By 5pm I’d completely run out of things to do, went and got my stuff and hoofed it over to the train station (about 15 minutes away on foot). I was early, but I was getting out of there, so I was happy to be waiting. At 5:20 this ridiculous tiny one-car train (COVERED in graffiti) loaded up with people and left. And then around 5:50 it was back from the opposite direction.
At this point, I had expected to see my train pull up, so I went up to an employee to inquire about where I should wait for the train to Ljubljana. He repeated the question back to me about three times in what sounded like German, but I suppose must have been Croatian. He frowned, and motioned that I should come with him. In my experience, these moments rarely end with news you want to hear.
We went into an office where he got some paper and wrote some things down. Then he frantically rattled a bunch of stuff in Croatian (German? It sounded like German, and I could almost swear I kind of understood it. Maybe this is what’s happening when people tell me they don’t speak English, and I keep talking to them anyway, and they get it? Some sort of cosmic translation?)
Anyway, I kept the paper, so I can state with 100% authority that it looked like this:
Pula – Lljubljana
Rijecka – Ljubljana
20:45 – 23:45
Basically, that train that the tourist office told me about stopped running two weeks ago. Nice.
Long story short, there was no getting to Rijeka in time for the evening train., so Pula and I spent one more magical night together. It’s a brand new day, and I am now on the bus that takes me halfway to Rijecka (at some point, I apparently change buses, just to make it more of a hassle and to aid in wrestling some extra “baggage” fees out of me – about $1.50 per bag). Actually, it’s more like a mini-van than a bus. An overpriced mini-van full of loud talkers wherein every other word seems to be “dobre” or “da”. There’s a girl who looks amazingly like Thelma of the Scooby Doo cartoons. She even has the hairdo and the turtleneck/skirt combo. Her voice, although equally grating, is twelve times as loud. She also pulled my hair. Probably by accident, but whatever. This bus is too small for the both of us.

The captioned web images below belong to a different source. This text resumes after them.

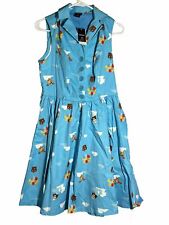 Her Universe Disney Pixar UP Balloons Retro Dress Size SMALL Multicolor NEW picture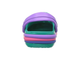 Дитячі крокси для дівчинки Crocs Crocband Rainbow Band Clog Tropical Teal (27/28, м'ятні) - изображение 4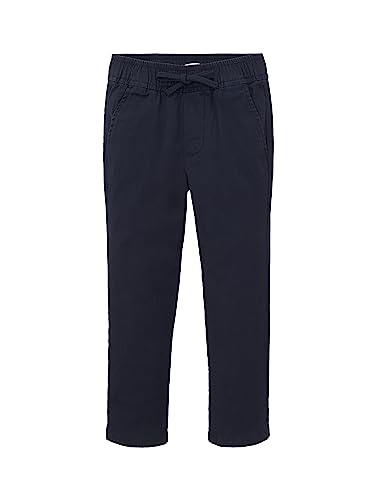 TOM TAILOR Jungen 1037914 Basic Chino Hose, 10668-sky Captain Blue, 128 von TOM TAILOR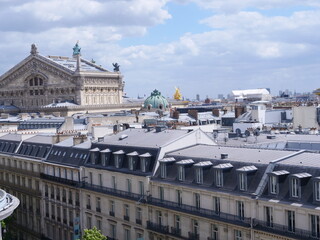 A panoramic view of Paris from a nice terrace. (view from Paris 9th district)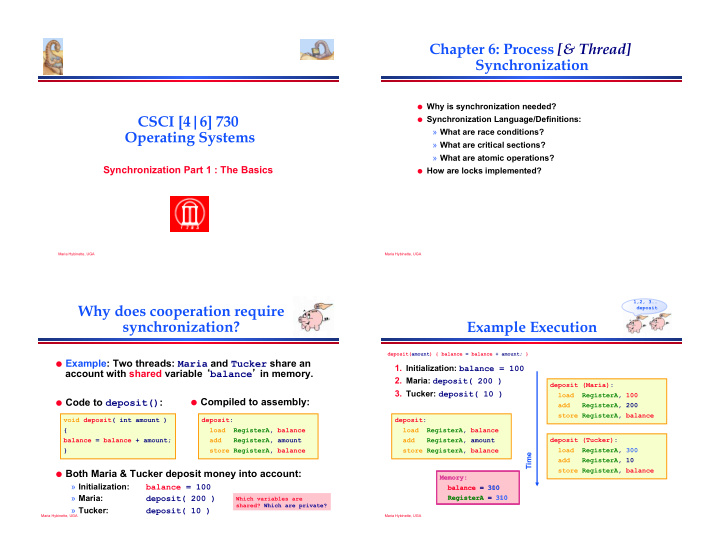 chapter 6 process thread synchronization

So while we’re on the topic, why don’t buses have seat belts? If it’s so dangerous to ride without one the police will pull you over and give you a ticket…how come it’s okay if 25 people do it together? I can see in the mirror that even bus driver isn’t wearing one. But there’s a rosary hanging from the same mirror, so I guess we’ve got God on our side.
Okay, so super weird, but literally FIVE minutes after I wrote that we nearly had a car accident. There was some kind of truck stopped on the side of the road, and I guess our driver was taking a nap and letting Jesus do the driving, because he noticed it WAY TOO LATE and came to a screeching halt. We ended up sideways in the oncoming lane, but we didn’t hit anything and no one hit us. I guess this sheds some light on the cash only policy: No paper trail. Just shove the bodies over the side of the cliff into the ocean and get a new load of victi…passengers.